One thing is the efficiency of getting the indices lazily, but when collecting them it seems quite slow:

@btime indices($bvh) |> collect
  6.040 μs (94 allocations: 4.69 KiB)

Using a non-lazy implementation, I can make it far more efficient to actually get the materialized indices (apologies for making several changes to your code, I am experimenting a bit with the trees for learning purposes, so there might be more than one single change causing the speedup):

struct BVH
    name::String
    children::Union{Tuple{}, Tuple{BVH, BVH}}
    indices::Vector{Int64}
end


BVH(n::String, l::BVH, r::BVH) = BVH(n, (l,r), Int[])        # construct a node
BVH(n::String, inds::Vector{Int64}) = BVH(n, (), inds)    # construct a leaf

Base.show(io::IO, b::BVH) = print(io, isempty(b.children) ? "Leaf-" : "Node-", b.name)
AbstractTrees.children(bvh::BVH) = bvh.children

function _indices!(ind::Vector{Int}, b::BVH)
    isempty(b.children) && return append!(ind, b.indices)
    _indices!(ind, b.children[1])
    _indices!(ind, b.children[2])
    return ind
end
indices(b::BVH) = _indices!(Int[], b)

Benchmark:

julia> bvh = BVH("root", BVH("1",BVH("2", [1,2,3]),BVH("3", BVH("4", [4,5,6]), BVH("5",[7,8,9]))),BVH("6",[10,11,12]))
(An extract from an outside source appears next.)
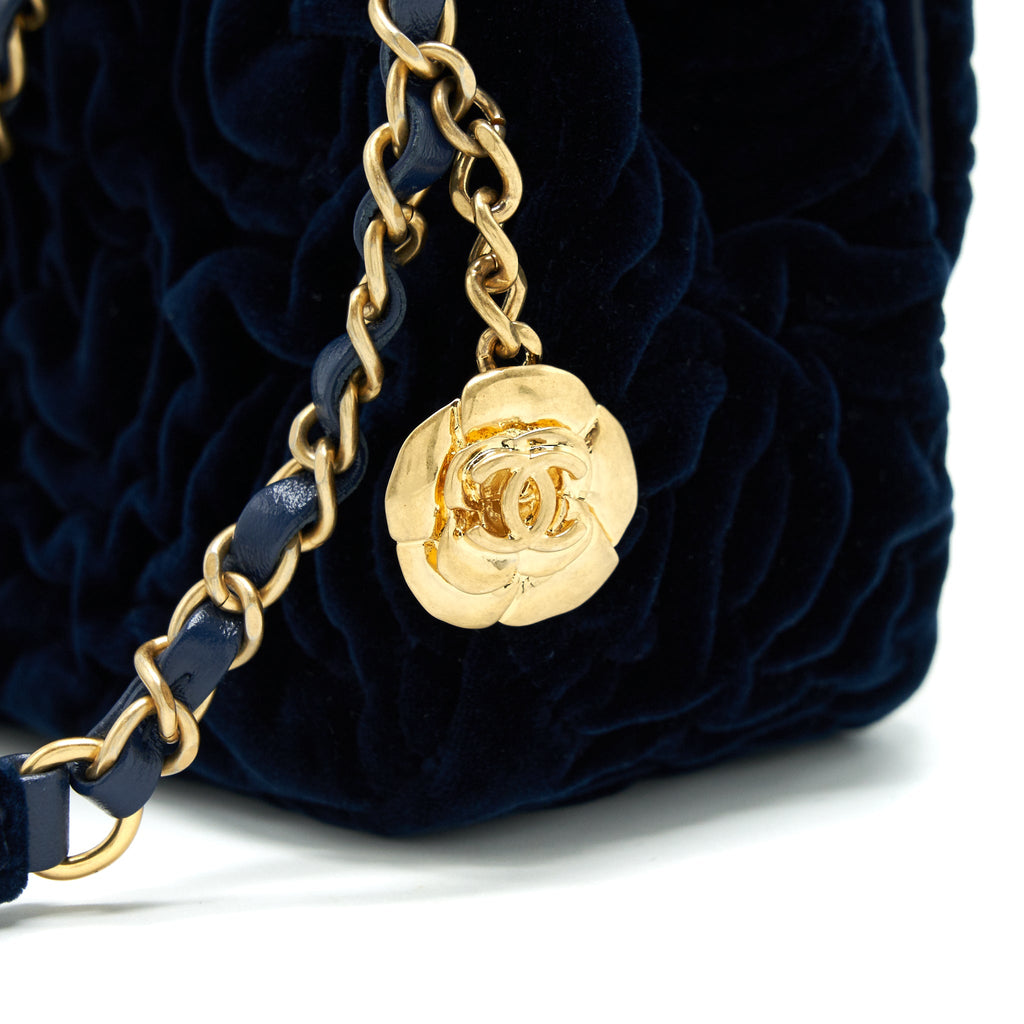 CHANEL VELVET CAMELLIA EMBOSSED MINI SQUARE FLAP BAG NAVY GHW (MICROCHIP)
julia> @btime indices($bvh)
  147.188 ns (3 allocations: 480 bytes)
12-element Vector{Int64}:
  1
  2
  3
  4
  5
  6
  7
  8
  9
 10
 11
 12
11

Thanks for the suggestion to be be less ‘lazy’ and more concrete. Indeed I can even allocate a vector outside the function and get rid of all allocations with the overhead of copying all indexes to the vector. For a small tree and small number of indexes works nicely

julia> indices!(ind::Vector{Int64}, b::BVH) = return _indices!(empty!(ind), b)

julia> ind = zeros(Int64,100)
100-element Vector{Int64}

julia> @btime indices!($ind, $bvh)
  81.125 ns (0 allocations: 0 bytes)

Of course, increasing the number of indexes then the time scales linearly. Too reach 6 μs I would need many thousands of indices to copy.